_WHAT YOU NEED TO DO_
Though the records contain pictures, copy none of them; repeat exactly the lines from the one with "925 Sterling Silver" to the end.

_SOURCE MATERIAL_
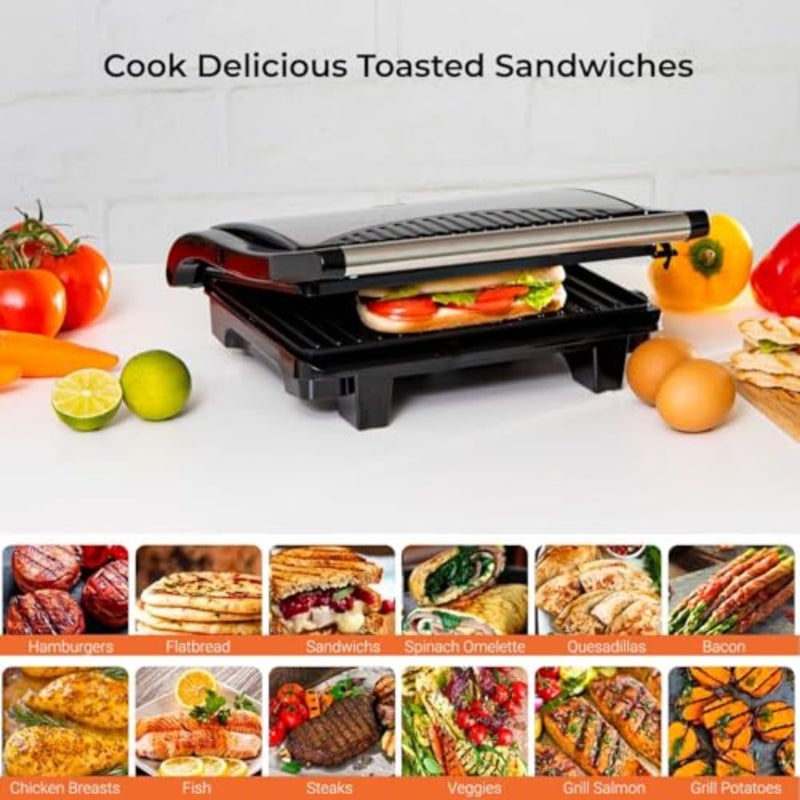 Hot press grill maker for sandwiches, stainless steel, silver, high-power 800W with indicator light, overheating protection, non-stick plates, vertical storage, pilot system - Image 3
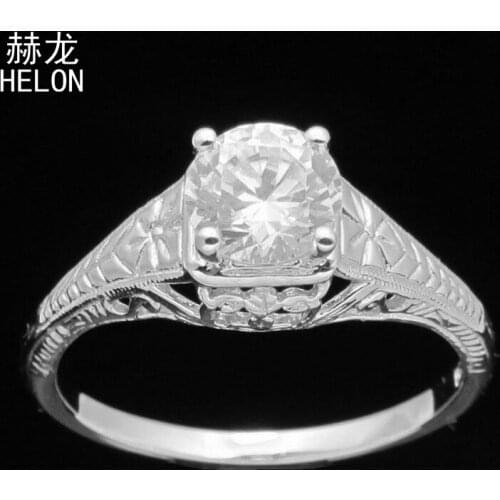925 Sterling Silver 6mm Round Cubic Zirconia CZ Vintage Antique Art Deco Engagement Wedding Women Ring Art Nouveau Fine Jewelry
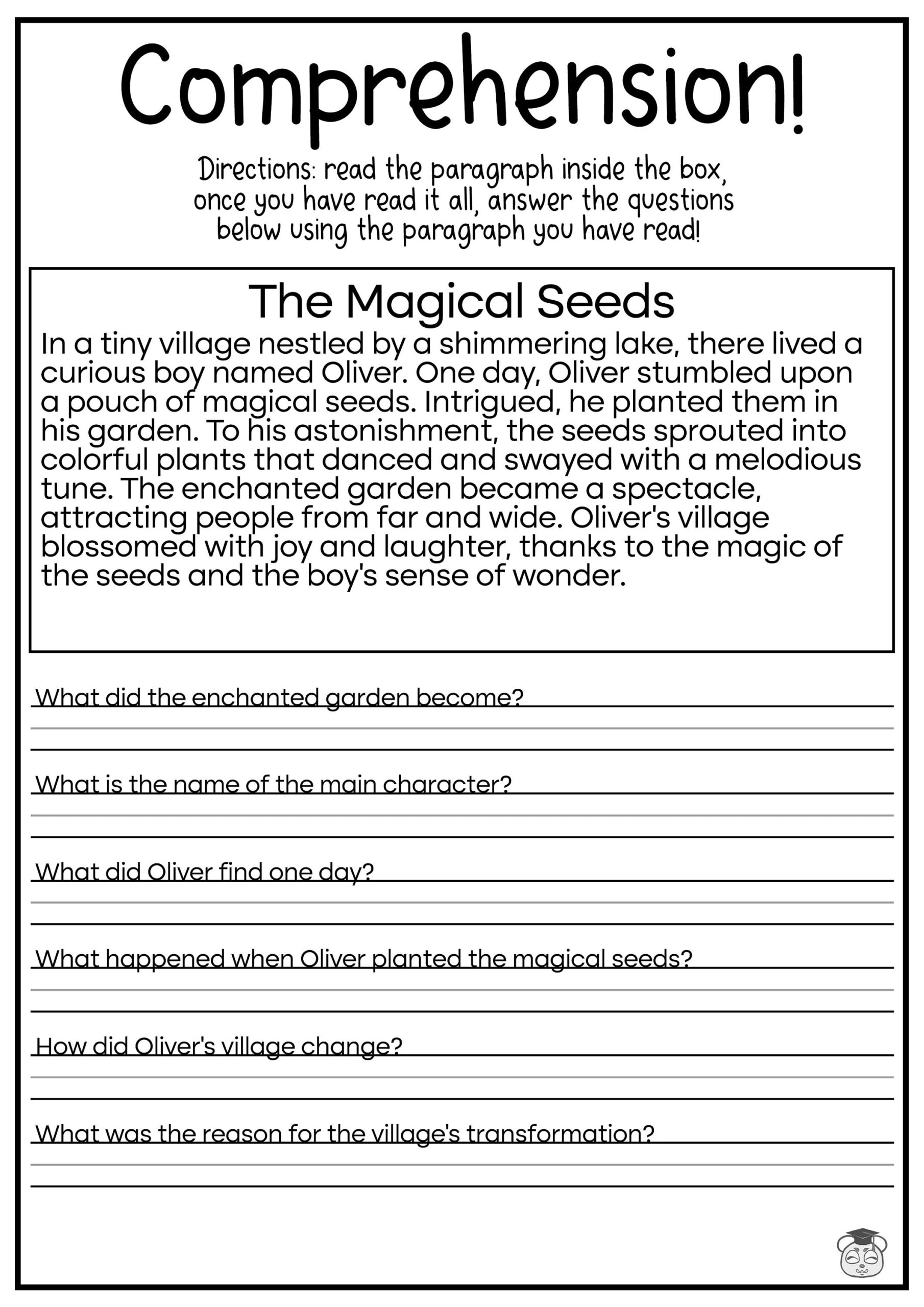 R2109 Pdf Reading Comprehension Worksheets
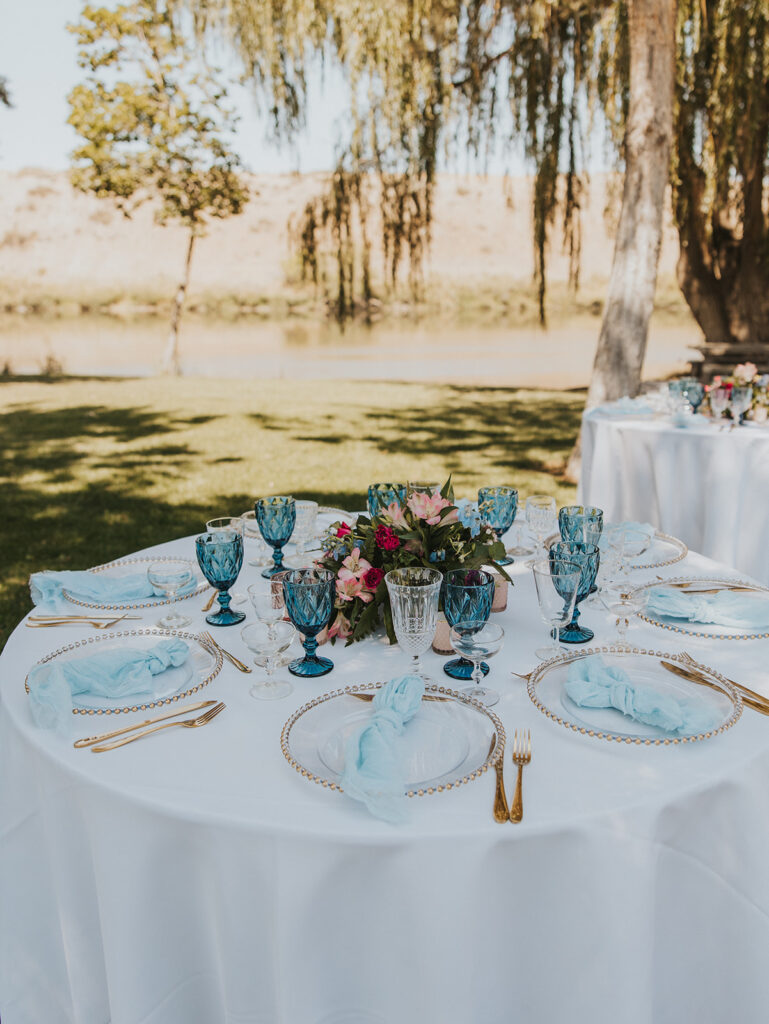 Colorful summer wedding table set up
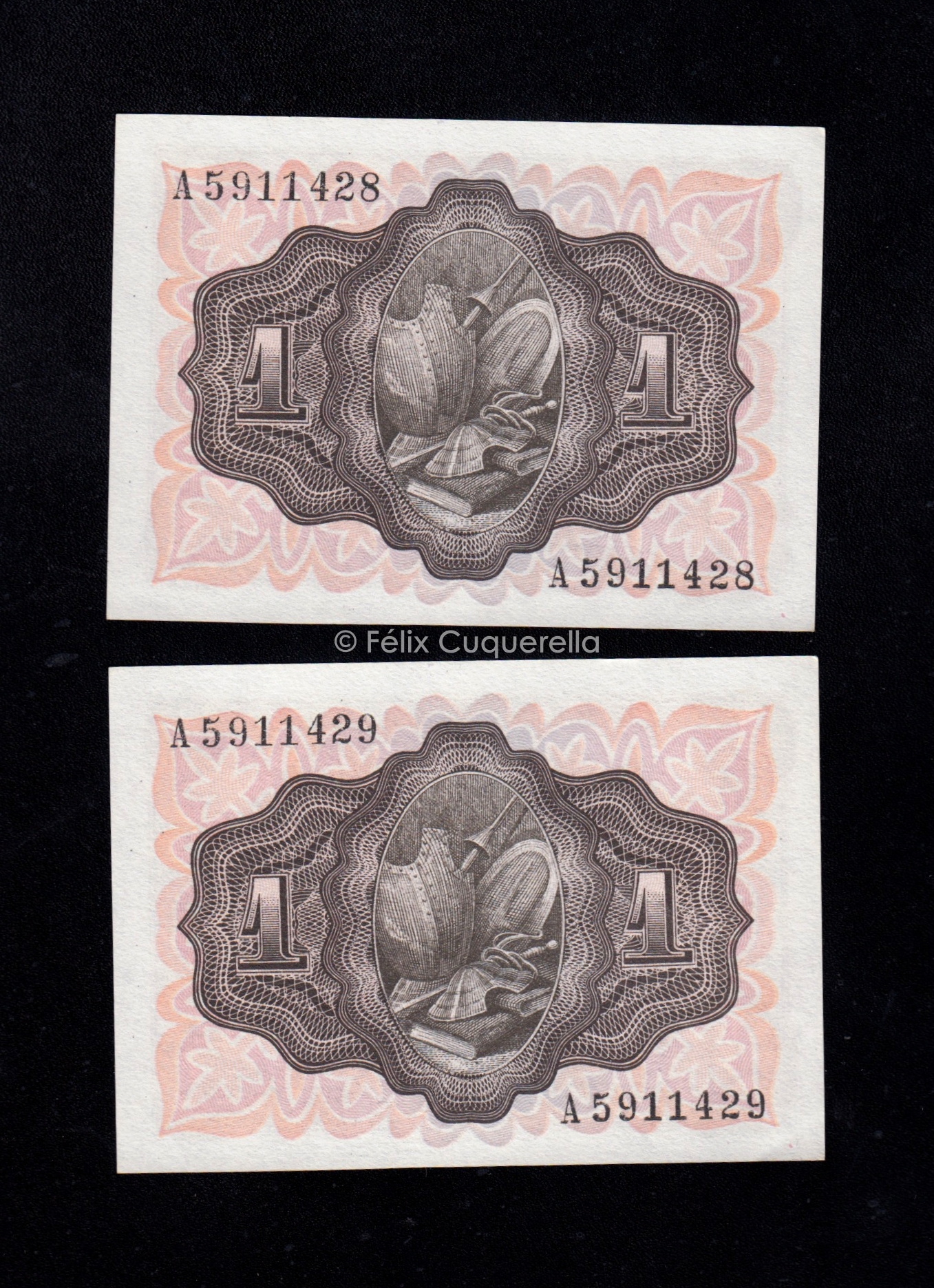 Pareja correlativa 1 Peseta 1951, serie A, S/C- Pareja correlativa 1 Peseta 1951, serie A, S/C-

_REPLY TO THE EXERCISE_
925 Sterling Silver 6mm Round Cubic Zirconia CZ Vintage Antique Art Deco Engagement Wedding Women Ring Art Nouveau Fine Jewelry
 R2109 Pdf Reading Comprehension Worksheets
 Colorful summer wedding table set up
 Pareja correlativa 1 Peseta 1951, serie A, S/C- Pareja correlativa 1 Peseta 1951, serie A, S/C-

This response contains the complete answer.